Return exactly, please, the lines from the one containing "this 250×188 image." to the last line of the entries below, and nothing else, leaving pictures out.

::: Provided records

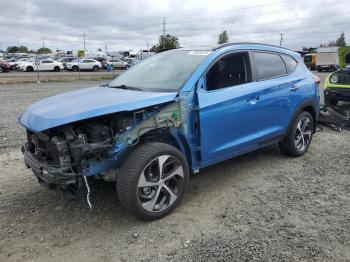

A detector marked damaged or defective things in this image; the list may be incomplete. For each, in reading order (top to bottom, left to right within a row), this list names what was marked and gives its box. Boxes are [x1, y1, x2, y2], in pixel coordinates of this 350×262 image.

crumpled hood [19, 86, 178, 132]
another wrecked vehicle [18, 43, 320, 221]
damaged blue suv [19, 43, 320, 219]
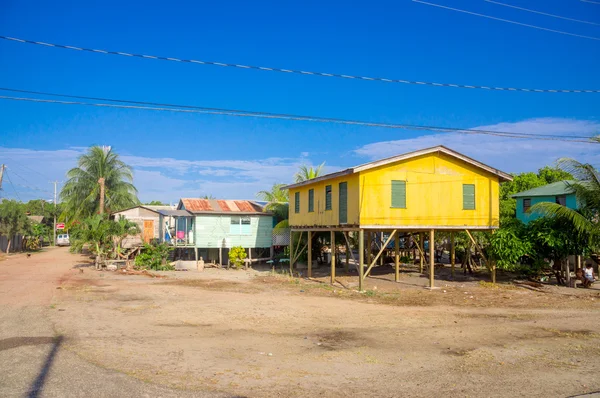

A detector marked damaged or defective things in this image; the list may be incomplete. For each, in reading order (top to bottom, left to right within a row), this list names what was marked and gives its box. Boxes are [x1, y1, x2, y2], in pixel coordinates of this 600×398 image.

rusty corrugated roof [178, 199, 268, 215]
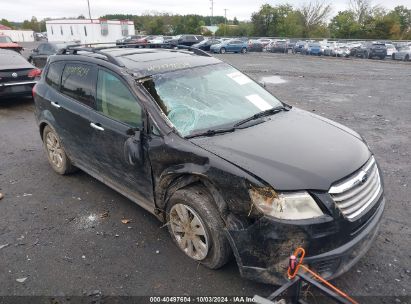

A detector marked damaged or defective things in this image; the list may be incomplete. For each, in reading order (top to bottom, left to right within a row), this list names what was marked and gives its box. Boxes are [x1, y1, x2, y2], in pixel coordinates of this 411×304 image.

shattered windshield glass [142, 64, 284, 137]
damaged black suv [34, 45, 386, 284]
dented hood [192, 108, 372, 191]
damaged front bumper [225, 196, 386, 284]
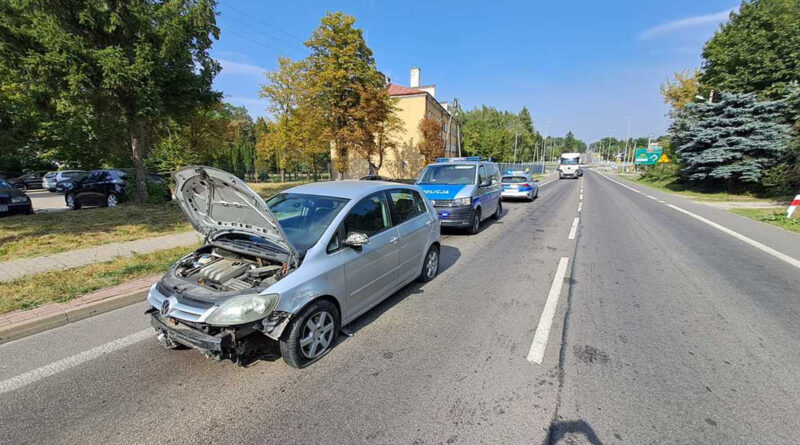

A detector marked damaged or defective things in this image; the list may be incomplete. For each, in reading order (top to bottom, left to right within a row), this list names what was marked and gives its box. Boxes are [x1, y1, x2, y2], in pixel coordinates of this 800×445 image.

broken headlight [205, 294, 280, 324]
damaged silver car [147, 166, 440, 368]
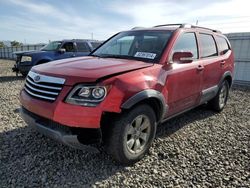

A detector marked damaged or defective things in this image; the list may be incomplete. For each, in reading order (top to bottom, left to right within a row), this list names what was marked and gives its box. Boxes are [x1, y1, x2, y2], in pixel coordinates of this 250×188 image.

damaged front bumper [19, 106, 101, 152]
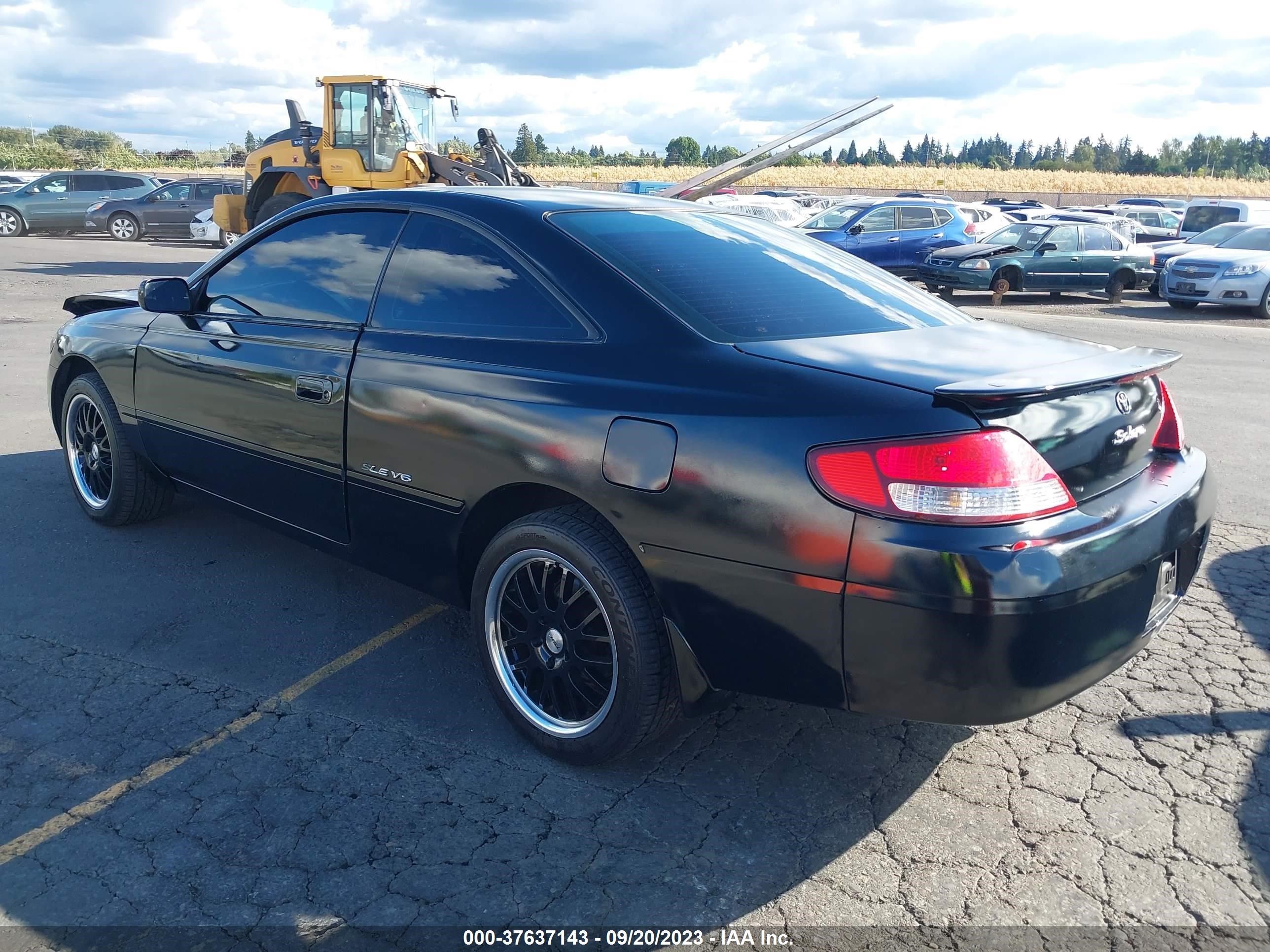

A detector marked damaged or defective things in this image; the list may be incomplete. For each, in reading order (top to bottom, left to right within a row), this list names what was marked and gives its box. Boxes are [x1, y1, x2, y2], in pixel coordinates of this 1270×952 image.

cracked asphalt [2, 237, 1270, 946]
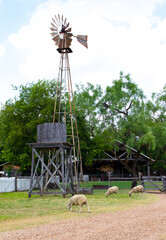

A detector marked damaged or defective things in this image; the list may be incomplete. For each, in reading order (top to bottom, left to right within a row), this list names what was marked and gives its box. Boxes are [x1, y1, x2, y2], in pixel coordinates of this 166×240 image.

rusty windmill [27, 15, 87, 199]
rusty windmill [50, 15, 87, 188]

::::::

> Task solution
A detector marked damaged or defective things in this image; the list may be incomplete. For each, in reading order (top to bottom, left to right within a row), this list names what was marked and gives its box. Boxes are [x1, y1, x2, y2], in pixel coordinates of this 250×188 image.

damaged front bumper [19, 106, 101, 152]

A detector marked damaged or defective things in this image; the list may be incomplete. For each, in reading order (top to bottom, left to right within a row), this list names what was marked and gives its box. Boxes are [x1, y1, x2, y2], in pixel coordinates of this 1270×952 image.

cracked asphalt [2, 237, 1270, 946]

A detector marked damaged or defective things in this image; the list may be incomplete. For each, in reading order (top to bottom, left to right within a row), this list names what was marked and gives its box. Boxes are [x1, y1, x2, y2], in pixel coordinates of this 166×240 image.

rusty windmill [27, 15, 87, 199]
rusty windmill [50, 15, 87, 188]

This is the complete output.